En revanche, on constate, en France, la multiplication des projets de voitures électriques, du fait des préoccupations environnementales et énergétiques. Pour le moment, la technologie est encore balbutiante malgré quelques progrès. Et si les avancées ne permettent pas encore une vraie commercialisation en raison de problèmes de fiabilité et d’autonomie, on parvient néanmoins à proposer des véhicules adaptés à un usage urbain. Mais la France, par sa maîtrise et son niveau technologique, dispose d’une forte expérience en termes de motorisation électrique. Cet atout allié à sa maîtrise de l’industrie automobile, autorise un réel espoir pour que la France devienne un des pays phare des véhicules de demain. Son marché intérieur et ceux de ces voisins est moralement : par une prise de conscience environnementale globale ; techniquement : ses infrastructures routières et électriques sont développées ; et économiquement : son pouvoir d’achat est encore puissant ; prêt pour recevoir les véhicules électriques.
Ainsi, si la France saisit cette opportunité, elle peut entrer dans un marché de niche avec un avantage concurrentiel par sa technologie, car cette dernière surpasse ses concurrents asiatiques et égale celle de ces voisins européens. De plus, elle ne se soumet plus à la concurrence technique et affective des véhicules à moteurs à explosion, dont de grandes marques emblématiques étaient leaders, souvent des marques allemandes de prestige. Les marques automobiles françaises pourront même changer leur image de marque. Cet objectif n’est absolument pas utopique, car il existe encore des chaines de montage en France, et les modifications à apporter sur les chaines de production ne concerneront que l’aspect motorisation, car la carrosserie ou l’intérieur resteront inchangés. Et pour ce qui relève de la formation des mécaniciens-motoristes, cela fait près d’un siècle que nous utilisons des moteurs électriques dans les usines, dans l’électroménager par exemple, ce qui relativise le problème technique et humain.
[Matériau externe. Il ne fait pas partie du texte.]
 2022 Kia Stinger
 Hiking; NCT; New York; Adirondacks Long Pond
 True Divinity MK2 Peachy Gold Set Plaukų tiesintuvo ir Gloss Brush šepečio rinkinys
L’idée de recentrer la production des marques automobiles françaises n’est pas une utopie, c’est un projet tout à fait crédible et pertinent qui pourrait sauver le secteur, mais pour cela il faut vaincre différents lobbies, pétroliers notamment, mais aussi l’Etat, qui pourrait perdre ses rentes venant de la TIPP. Une importante partie de l’avenir industriel français et de l’emploi peut se jouer sur la validation de ce virage stratégique. Actuellement, de nombreux projets sont présentés, mais restent souvent de timides prototypes ou pire, des délires créatifs sans véritables volontés stratégiques. Car en plus de sauver ou de relancer un de ces secteurs clés avec toutes les conséquences économiques et sociales qui en découlent, la France aurait une occasion de revenir sur le créneau du luxe et de l’excellence, par exemple avec le projet du jeune constructeur Nivernais Exagon Motors et sa Furtive eGT. Ou encore relancer la compétition automobile – à quand les 24h du Mans électriques ? -, afin de renouer avec l’effervescence sportive et technologique si dynamisante, telle que ce fut le cas durant le XXe siècle pour l’histoire de l’automobile.